Commenting on the Lewis case, Malcolm Hurlston of the Consumer Credit Counselling Service, told The Guardian: “In the past week we have counselled one client with 39 cards and another with 37, so although 19 may be extreme, it is by no means exceptional.” Britain’s credit card companies have been selling their products quite aggressively for some time now. For example, television adverts extol the virtues of certain cards over their rivals, easy-to-complete applications for cards drop through letter boxes on an almost-daily basis and 2-3 cards salespeople from different companies are there to accost travellers on most railway and motorway service station concourses during the daytime.
The availability of ‘easy money’ – high street banks and specialist lending banks such as HFC and The Associates are as much a source as the credit card companies – has been good for the economy, they say, fuelling consumer spending.
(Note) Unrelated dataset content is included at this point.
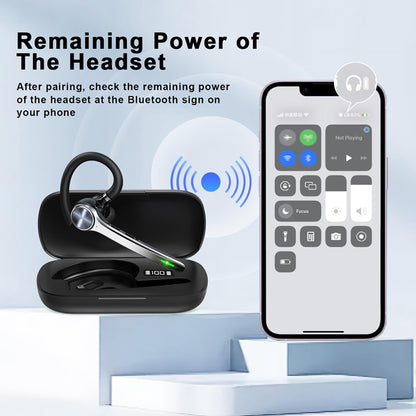 Bluetooth слушалки за кол център Techsuit Hearyo A6L, черни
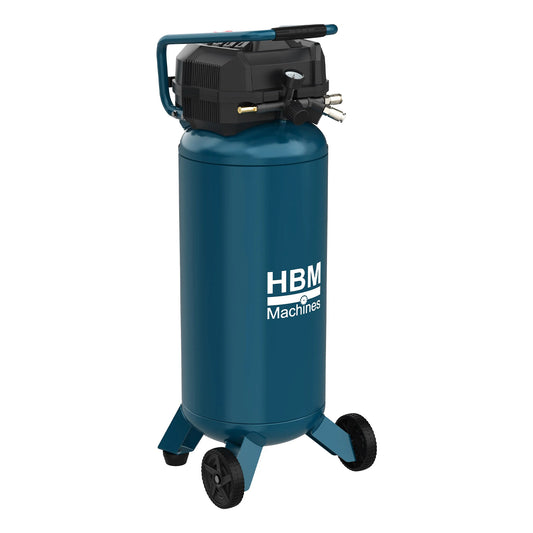 Вертикален компресор HBM Холандия 50 л без масло, 10 бара, 180 л/мин, тих, с колелца и дръжка, с ниска поддръжка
Yet Britain’s average household debt is the highest in the European Union and increasingly such a cause for concern that the Bank of England Monetary Policy Committee is now taking it into consideration in its monthly deliberations on the setting of base interest rates.
So what is going on?
A sociopsychological perspective…?
In Gravesian terms, the ORANGE vMEME is driving the credit card boom. ORANGE quite simply sees that lending money in attractive ‘packages’ (cleverly mixing rates of interest with deferred payment schedules, ‘freebie’ gifts, discount schemes, easy routes to yet more money, etc) will generate greater amounts of money for itself.
Its narrow focus on achieving its own goals and the Big Picture and Move-Towards meta-programmes it tends to run mean it all too easily misses those pitfalls the BLUE vMEME excels in spotting.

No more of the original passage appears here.